Le utopie radicali sono finite, ma nessuno se ne accorge

Riflessioni dalla visita alla mostra «Utopie Radicali. Oltre l’architettura: Firenze 1966-1976» (alla Strozzina fino al 21 gennaio 2018)

 

FIRENZE. Dopo cinquantuno anni Firenze celebra la Superarchitettura o neo-avanguardia architettonica o architettura radicale o radical design, a seconda del curatore di mostre, simposi, libri che, di volta in volta, la chiama in modo diverso. Questa ennesima resurrezione radicale non viene ospitata nelle sale di Palazzo Strozzi, sede dove si celebrano mostre blockbuster, ritenendo che la Superarchitettura utopica, non potendo avere quell’audience degna di un Bill Viola, debba rimanere nella sua dependance ipogea, la Strozzina. Visto l’interesse generato dal tema nel tempo, sembra una preoccupazione inesistente. Tuttavia nelle nostre città, Firenze in testa, se da una parte c’è una rincorsa alla non sedimentazione della cultura ricorrendo ad artisti cult, dall’altra non si riesce a superare un periodo storico consolidato, sia esso il Rinascimento o gli antichi Greci, per vivere l’età contemporanea.

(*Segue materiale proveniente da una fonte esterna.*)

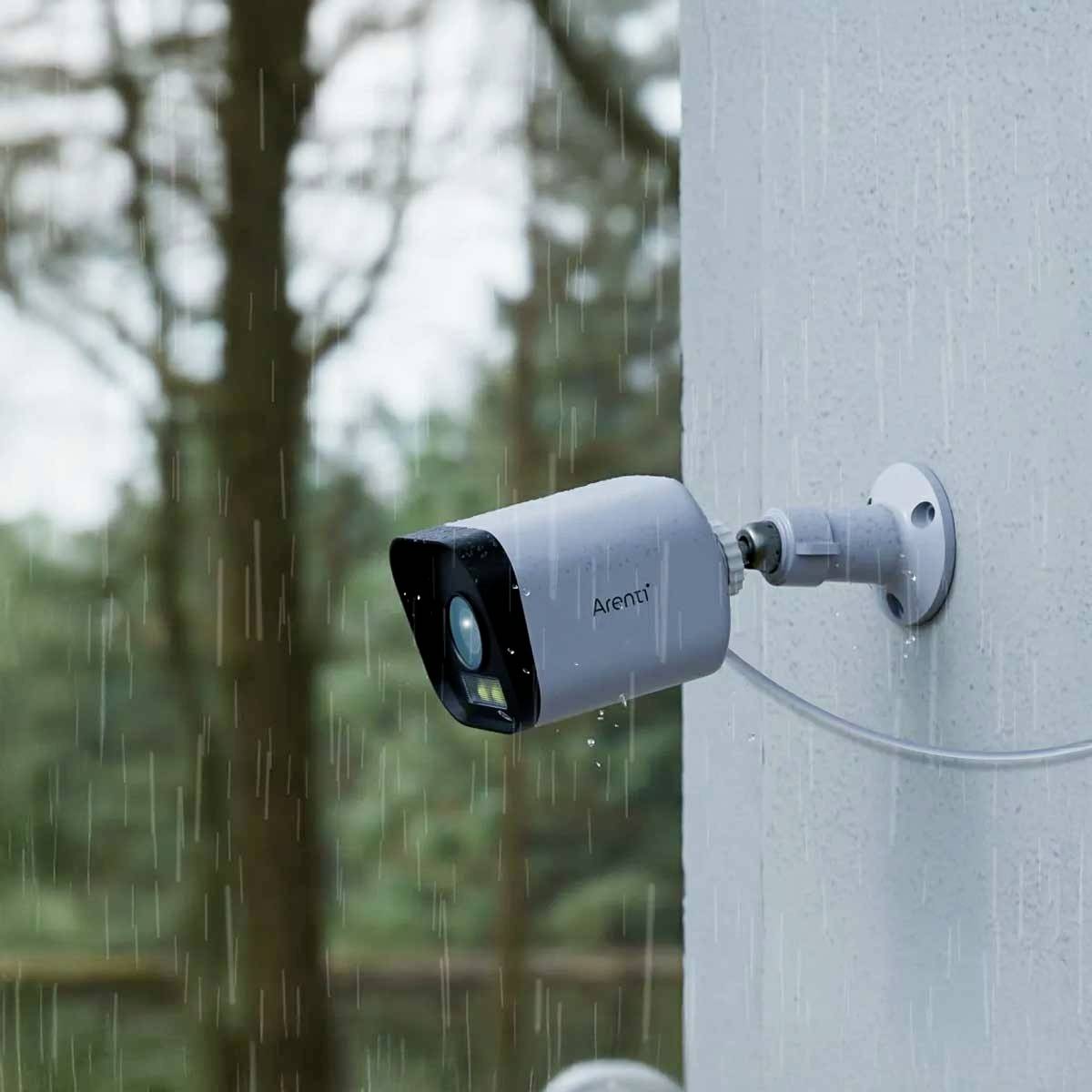A surveillance camera is mounted on a pole. It is raining, and blurred trees can be seen in the background.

Quindi la domanda da porsi è: quali temi dell’esperienza radicale restano oggi attuali? Analizzando le ricerche dei gruppi radicali, non si può affermare che abbiano prodotto un’architettura in linea con la dirompente visione della città e del mercato a cavallo del decennio sessanta-settanta, come nel caso di Adolfo Natalini solo per citare il caso più eclatante. In fondo questo sentimento postmoderno ha attraversato nei modi e nei progetti molti dei protagonisti, evitando ad alcuni come UFO, 9999 e Gianni Pettena una riduzione dell’esperienza fatta ad un problema di linguaggio, cercando invece altre vie. Gli UFO la performance nel segno della semiologia di Umberto Eco per poi intraprendere carriere singole, Pettena nel campo dell’arte, i 9999 nella progettazione e gestione della discoteca Space Electronic. Siamo allora sicuri, come da più parti si continua ad affermare, che Rem Koolhaas, Zaha Hadid, Jean Nouvel, Renzo Piano, Bernard Tschumi abbiano citato i radicali nelle loro architetture? O forse hanno avuto la capacità di leggere un fenomeno e successivamente hanno agito in modo autonomo e indipendente? Propenderei per la seconda possibilità, nonostante le dichiarazioni d’intenti dei diretti interessati.

La Superarchitettura diventa un movimento con figure molto diverse tra loro, indagate attraverso le ricerche svolte dalla storica dell’arte Elisabetta Trincherini che ne indaga gli archivi. Gli esiti costituiscono il palinsesto su cui si basa la mostra curata dall’architetto Pino Brugellis, dallo storico dell’arte Alberto Salvadori e dall’architetto/artista Gianni Pettena. Ciononostante si sottolinea come ci sia una visione fiorentino centrica, determinando un errore storiografico di metodo nell’escludere due esponenti radicali importanti: Ugo La Pietra a Milano e Pietro Derossi a Torino. Anche il contesto storico, politico e culturale è il grande assente. Contesto che è  essenziale per comprendere dove nascono e con quali motivazioni le istanze radicali. Non si possono ignorare fatti storici che hanno condizionato fortemente le azioni e i progetti dei radicali: dagli happening di Allan Kaprow alla Pop Art, fino al ruolo delle occupazioni universitarie e del pensiero politico dell’epoca.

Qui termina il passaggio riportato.